I had an opportunity to talk with her a while as we stood at the back of her truck in the middle of the street. I was sort of facing the mounting pile of rubble from her basement when I realized that directly behind this pile I could see the top of the tree where I had put the orange balloon.
It struck me as being a symbol of amazing fragile survival in the midst of, terribly powerful devastation. A visual gift from God? I pointed out the balloon to this dear lady and said this inflated balloon had come from her basement. Because it had survived unbroken I felt it deserved a place of honour and safekeeping. She broke out into hearty laughter. We hugged each other.
By noon we were told to walk back to the bus to be transported across town to where we would be served lunch. Everyone’s white coveralls were now grey with mud, especially those who had been down in the dungeon-like basements. What a sight we were. We took off these dirty coveralls, gloves and masks before entering the bus. As we did we emerged out of the mud with bright orange Samaritan’s Purse T-shirts. What a visible transformation.
The area we went to for lunch was closer to the now calm Highwood River. The ground there was different. It was covered everywhere (except the street that had been cleaned) with a thick layer of now dried mud. I have no idea how that could be cleaned up. Maybe over time rain will do it.
Lunch was served outdoors. We were at the street level of a once green park, where an overhead canopy had been set up to shelter rows of tables and chairs. Volunteers from various parts of town came here.
It was quite cool out (we were glad it wasn’t hot) but before long the heavy overcast began to break up some and sunshine appeared, bringing more of a breeze.
When we returned to our place of work we were given clean coveralls, gloves and masks if needed.
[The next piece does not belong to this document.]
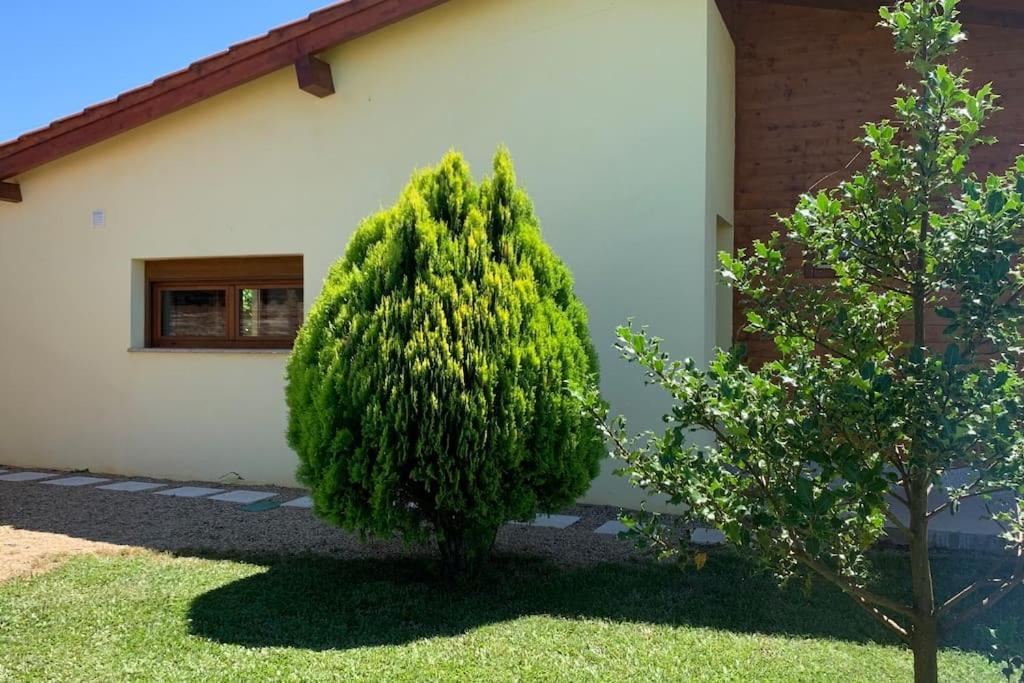 Quinta Pedro E Ines Villa Braganca Exterior photo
I was with a smaller group now and in a smaller house. That water had come into the main level only enough to soak the carpeting. None of the drywall seemed affected. The furniture had already been moved to the garage in the back yard and the rugs had been taken out. There was linoleum that had to be painstakingly chipped out.
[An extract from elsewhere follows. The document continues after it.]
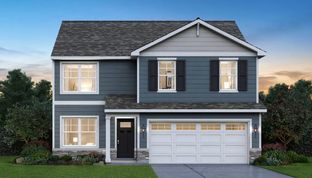 BELLAMY - Prairie Ridge Traditional Single Family: Hampshire, Illinois - D.R. Horton
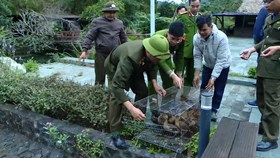 Quyết liệt ngăn chặn vi phạm về bảo vệ động vật hoang dã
This nice bungalow was owned by a single man and sadly he had no insurance, as we were told by an agent with Samaritan’s Purse. They wanted to do all they could for him through volunteers. His basement appeared not to be developed so his loss would not be as great as the first house we were in. they did not have insurance on their contents.
Our group of 29 worked in five or six houses. There has to be between 50 to 60 houses in this area alone, which is a small part of the total picture of destruction in this town. Nonetheless we had helped a few people and we were glad we had. We were repeatedly thanked for what we did.
Much has been cleaned up in this town with more still to do. Then comes the rebuilding.
Many more volunteers are needed, and for a long time to come. I personally encourage others who are able bodied to consider giving your time and strength to contribute as a volunteer to the people of High River. Some of us, one day, may need the helping hands of others.